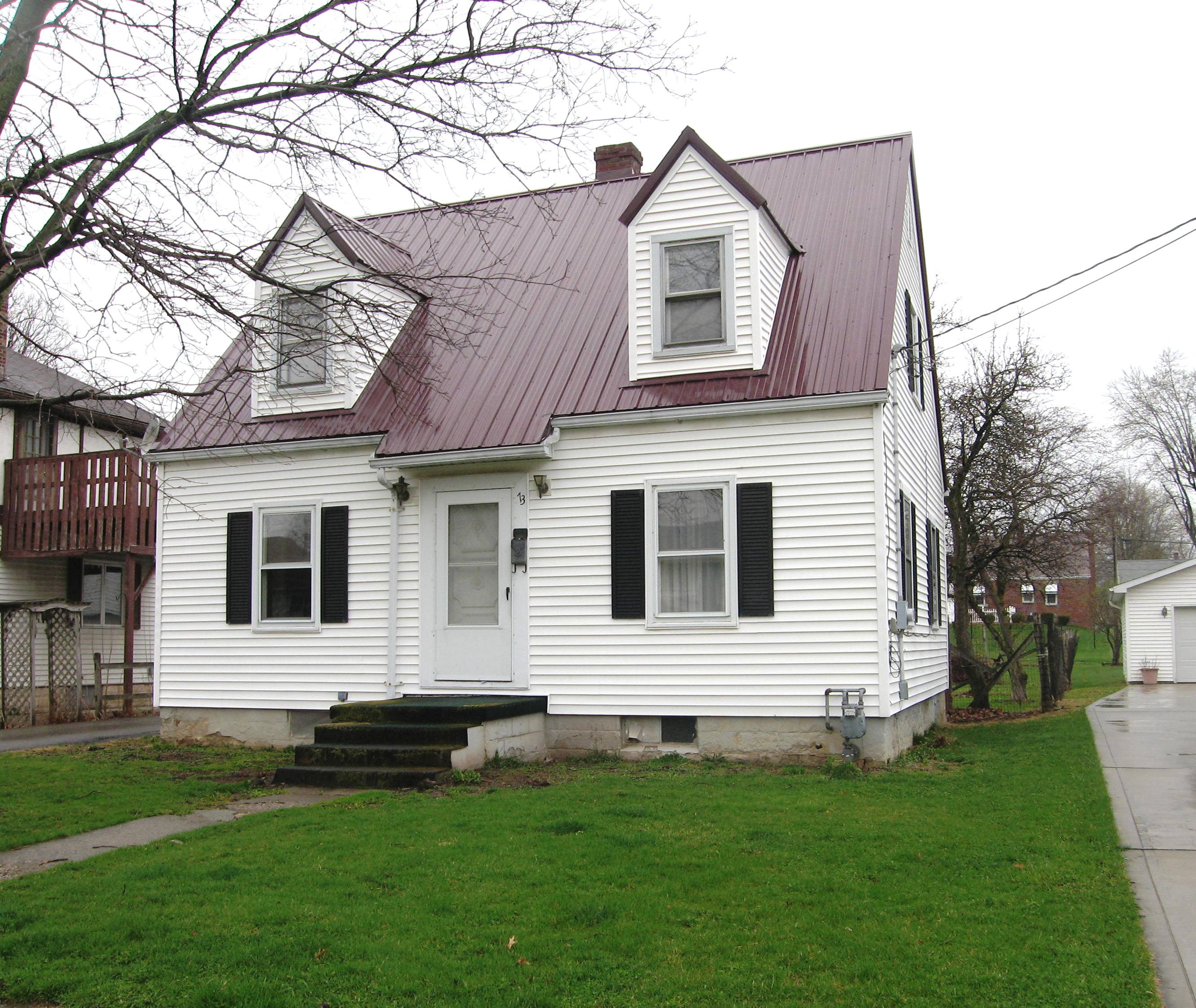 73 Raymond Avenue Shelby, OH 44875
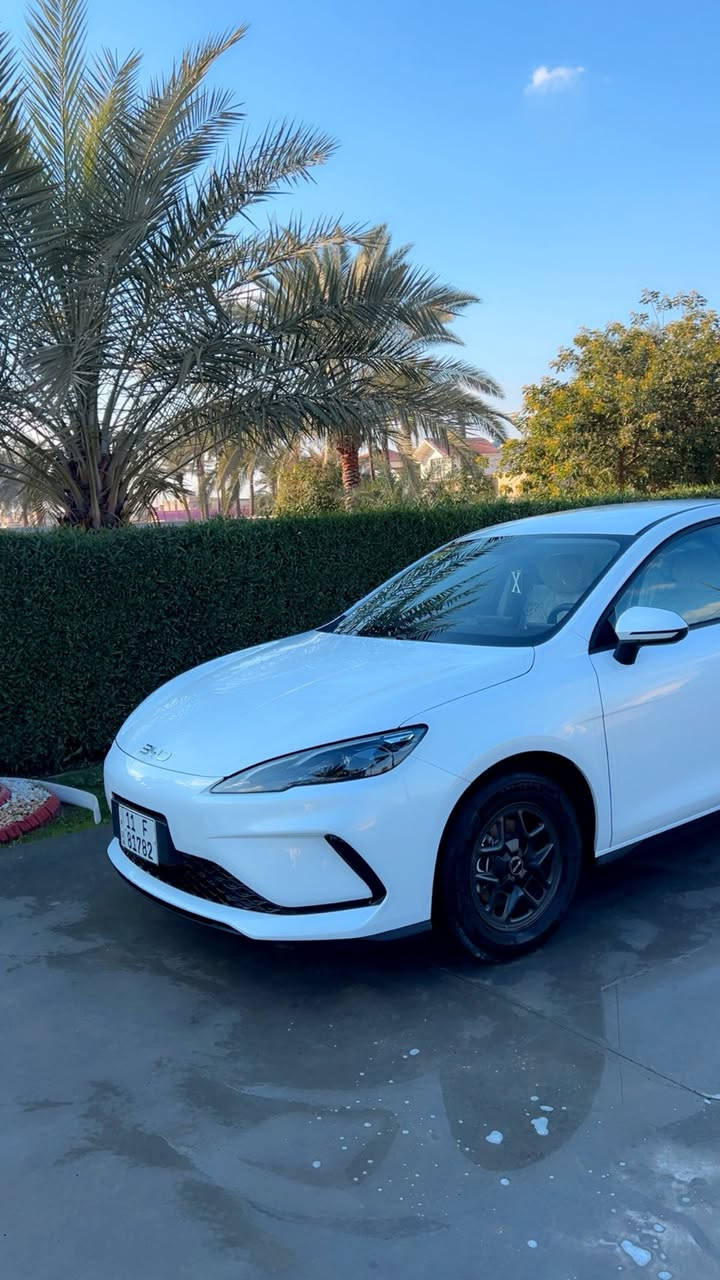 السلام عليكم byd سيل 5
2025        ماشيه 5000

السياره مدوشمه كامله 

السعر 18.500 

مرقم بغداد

--

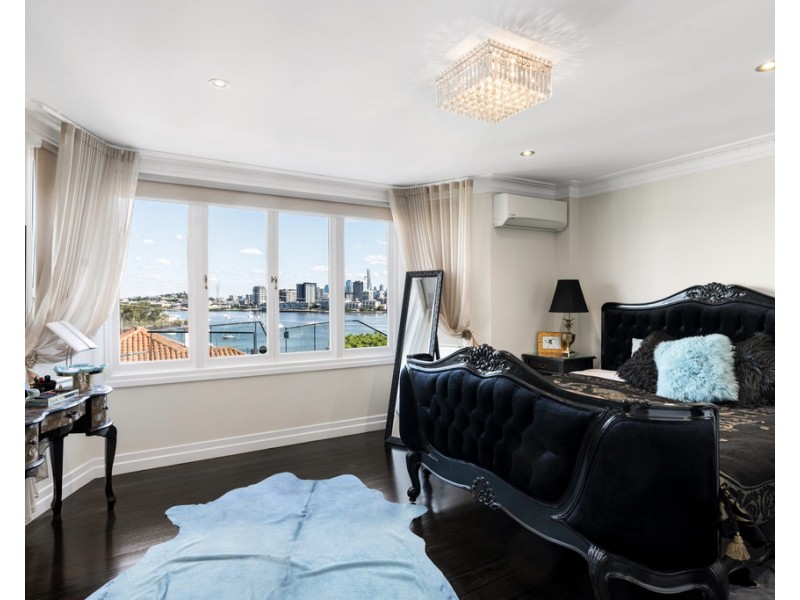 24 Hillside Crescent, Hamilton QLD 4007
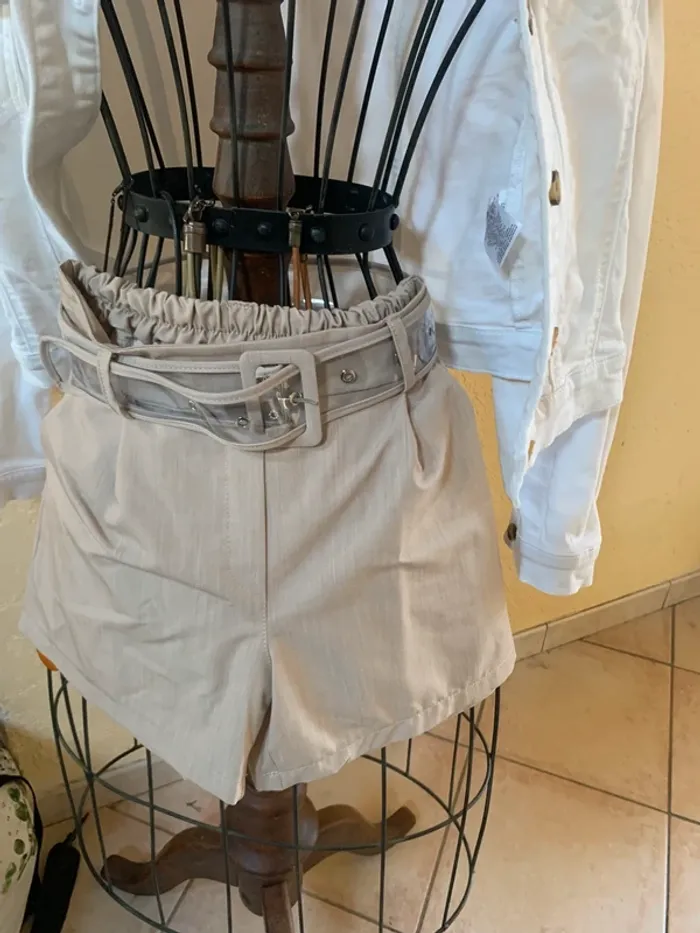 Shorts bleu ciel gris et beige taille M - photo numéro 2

- YOUR TASK: Would you print exactly the lines in the listing above, from the line bearing "24 Hillside Crescent, Hamilton QLD 4007" through the line bearing "Shorts bleu ciel", leaving out all pictures?

- SOLUTION TO THE PROBLEM:
 24 Hillside Crescent, Hamilton QLD 4007
 Shorts bleu ciel gris et beige taille M - photo numéro 2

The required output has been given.